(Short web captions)
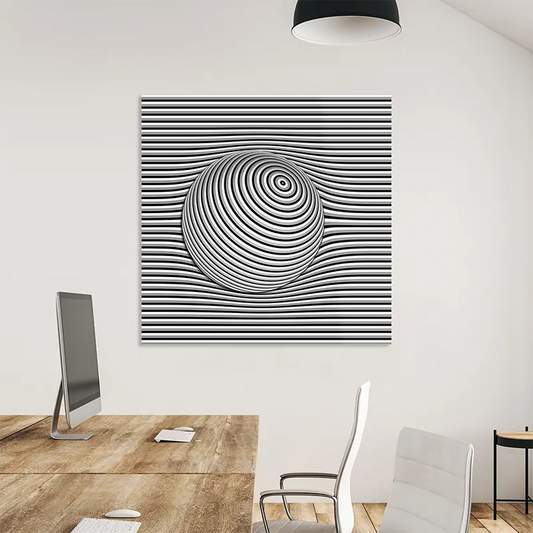 Gestreifte Kugel auf Hintergrund mit horizontalen streifen, Kugel verformt den Hintergrund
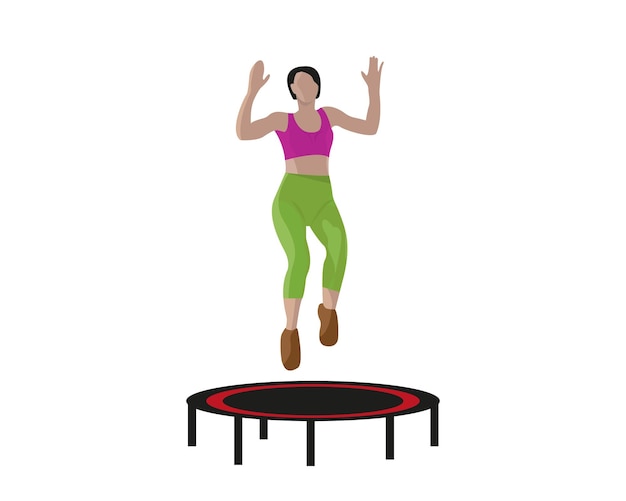 Vecteur femme sautant sur un trampoline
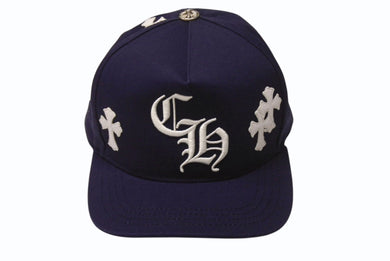 新品未使用 CHROME HEARTS クロムハーツ 5パネル セメタリークロスパッチ ベースボールキャップ ONE SIZE 9パッチ ネイビー 中古 4b004479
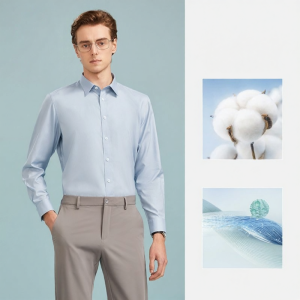 Youngor | No-Iron Mens Business Casual Oxford Long Sleeve Shirt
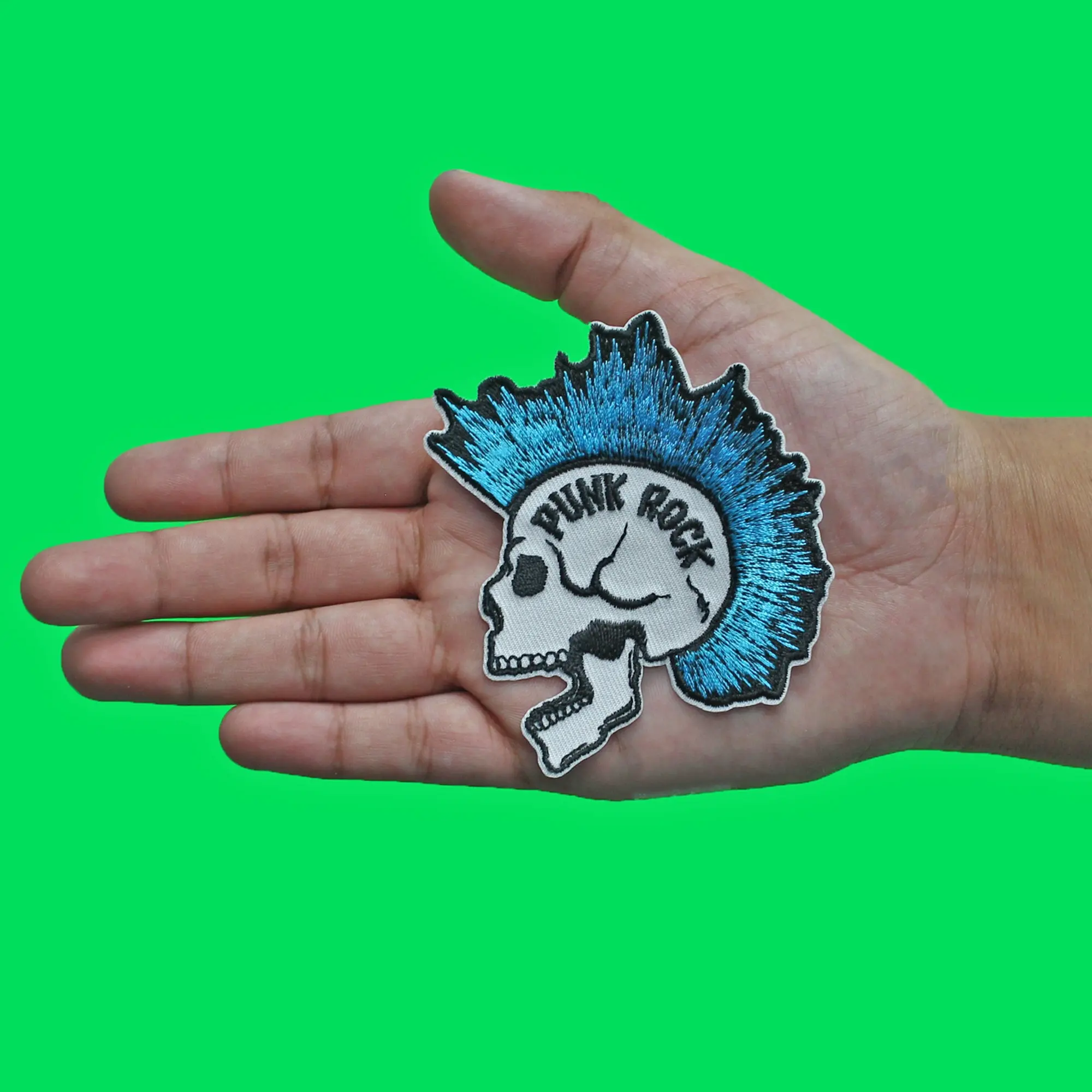 Mohawk Punk Rock Skull Patch Blue Alternative Bones Embroidered Iron On - Image 2
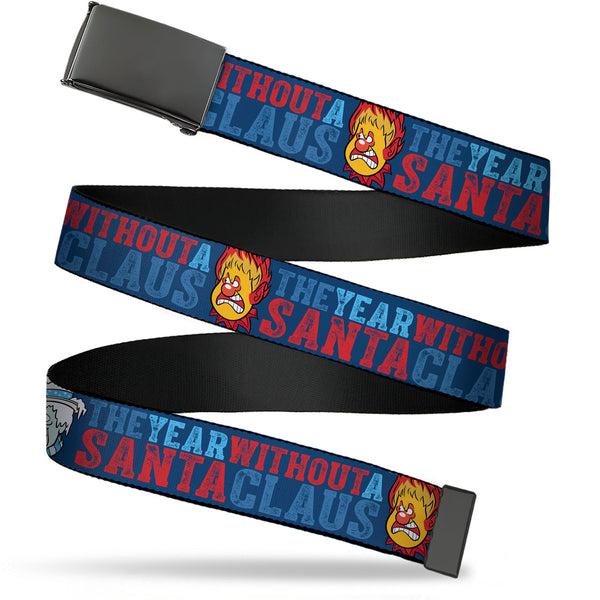 Buckle-Down Web Belt Blank Black Buckle - THE YEAR WITHOUT A SANTA CLAUS Heat and Snow Miser Faces Blues/Reds Webbing
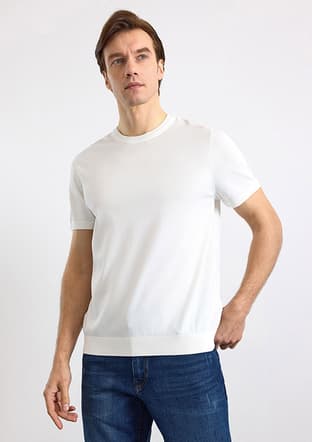 Str2013700003 Erkek Beyaz Triko T-shirt - 3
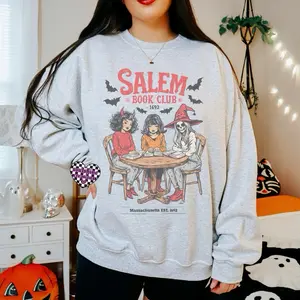 Salem Book Club Tee or Sweatshirt- Unisex-Ash Gray-Bookish- Halloween- Sublimation Printed Fabric Womenswear  SoulShine Rebel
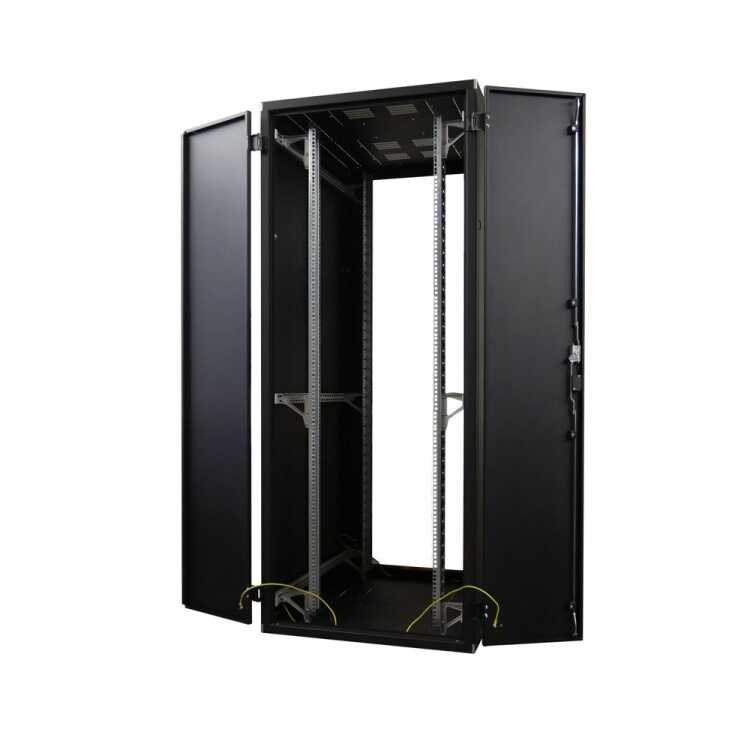 19"-Serverschrank SZB IT - 42 HE - 800 x 1000 mm - Vollblechfronttür - geteilte Doppel-Vollblechrücktür - schwarz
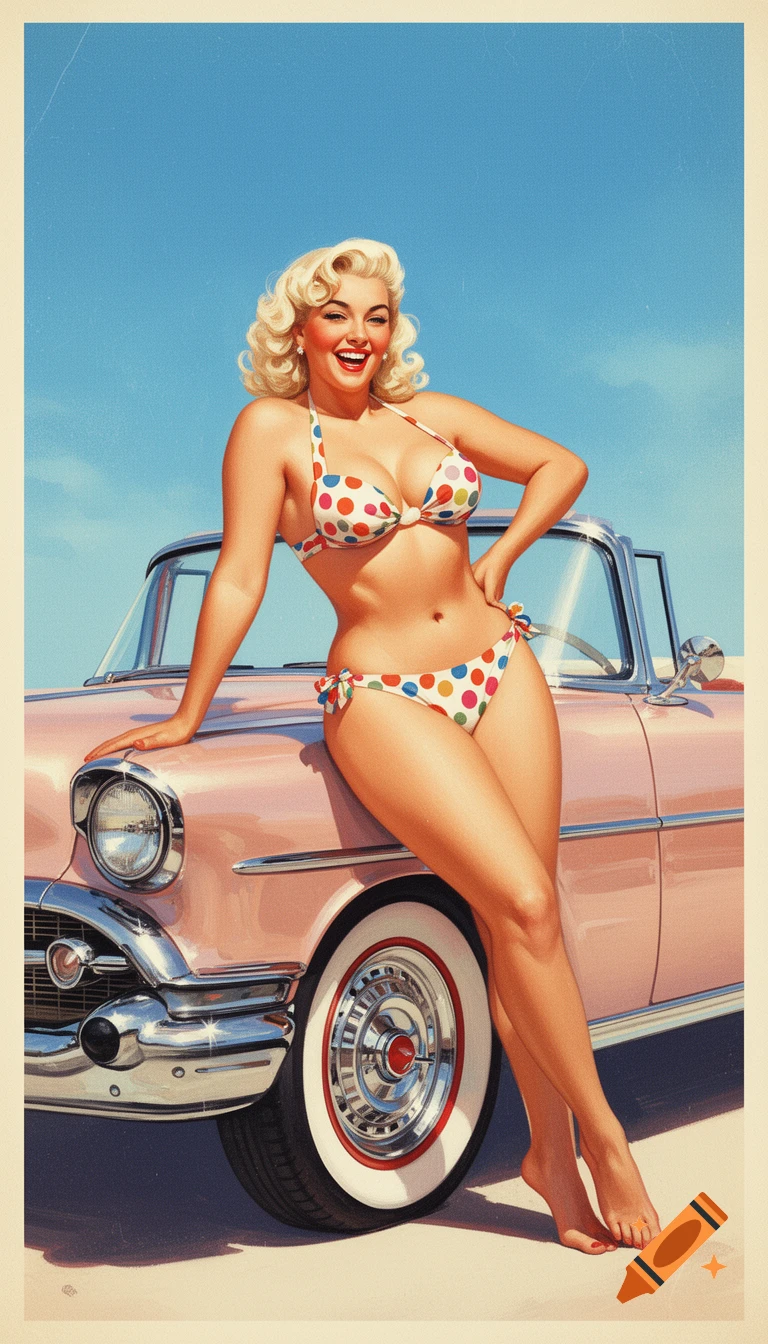 A smiling blonde pin-up woman in a polka dot bikini leans on a pink 1950s convertible under a blue sky, in a poster illustration style.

#### [Requirement]
Write out again exactly the lines from the start of the data above through the line containing "Str2013700003 Erkek Beyaz Triko T-shirt - 3", inclusive, excluding any pictures.

#### [Written solution]
 Gestreifte Kugel auf Hintergrund mit horizontalen streifen, Kugel verformt den Hintergrund
 Vecteur femme sautant sur un trampoline
 新品未使用 CHROME HEARTS クロムハーツ 5パネル セメタリークロスパッチ ベースボールキャップ ONE SIZE 9パッチ ネイビー 中古 4b004479
 Youngor | No-Iron Mens Business Casual Oxford Long Sleeve Shirt
 Mohawk Punk Rock Skull Patch Blue Alternative Bones Embroidered Iron On - Image 2
 Buckle-Down Web Belt Blank Black Buckle - THE YEAR WITHOUT A SANTA CLAUS Heat and Snow Miser Faces Blues/Reds Webbing
 Str2013700003 Erkek Beyaz Triko T-shirt - 3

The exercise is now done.